Do you practice TDD and if so, what are some of your favorite code katas?

Yes! Not always but when building a difficult piece of code I always use TDD. I like the bowling game kata.

What are some of your must-have tools or libraries that you use in your daily working life?

Visual Studio Code! I use it as a replacement for Notepad and for most of my development work.

When it comes to DevOps I love Visual Studio Team Services. I think it’s a great service that does everything I need to help teams be successful at DevOps.

What inspires you in the technical world?

Learning new stuff and sharing it with others.

When you need a quick recess at work to regain focus, what do you do?

Reading a non-technical book (I love thrillers!), watch some Netflix or go for a walk.

What’s your horror/war story from the coding trenches?
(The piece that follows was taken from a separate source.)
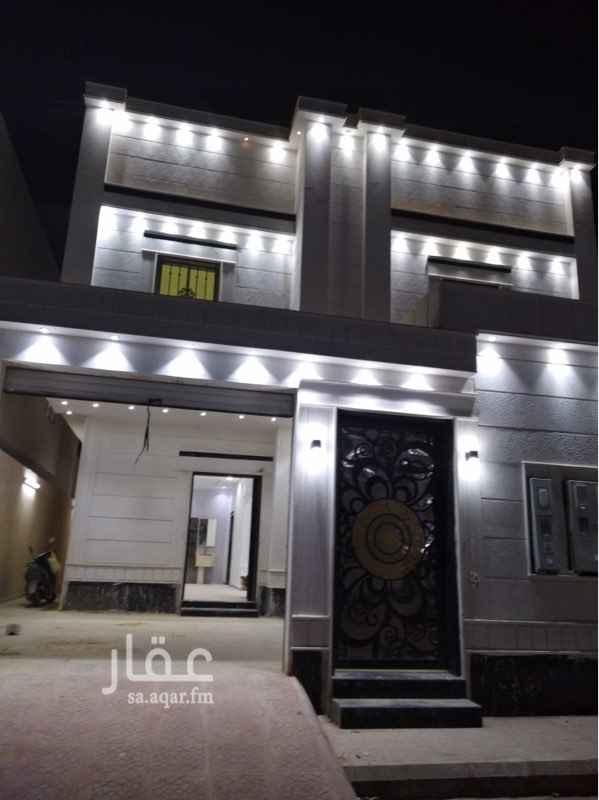 1690243 للبيع ٣فلل حي الرمال الواحة
درج داخلي وشقتين
المساحه ٣٧٢
شمالي شارع ١٥
السعر مليون وميه و٨٠الف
I once joined a project where the team wasn’t using version control. Instead they had a network share where they just copied their changes to. So I wondered how they made sure that they didn’t overwrite each other’s changes. The answer was simple and terrifying: each team member had it’s own file where they did all their coding in. Those files where thousands and thousands of lines….

What’s the best advice you’ve ever received or what advice would you give your younger self? 

Choose something you love and specialize in it. IT is broad and trying to keep up with everything is impossible and will hurt your health and career. Try to have a broad view of what’s happening in the industry and pick an area you love and become really good at it.

What are some interesting links you can share about yourself? 

You can find me on Twitter and on my blog. Also have a look at my latest book DevOps on the Microsoft stack.

What is one question that we should have asked, and we didn’t and what would be the answer?

Did you go to college or university or some other formal education?

No! I learned programming from reading lots of books and was fortunate enough to get a side job when I was 16. After that things just went really fast and now after 16 more years, I still haven’t had the time to go back to school. I think our industry is unique in that self-taught programmers can become the best programmers there are.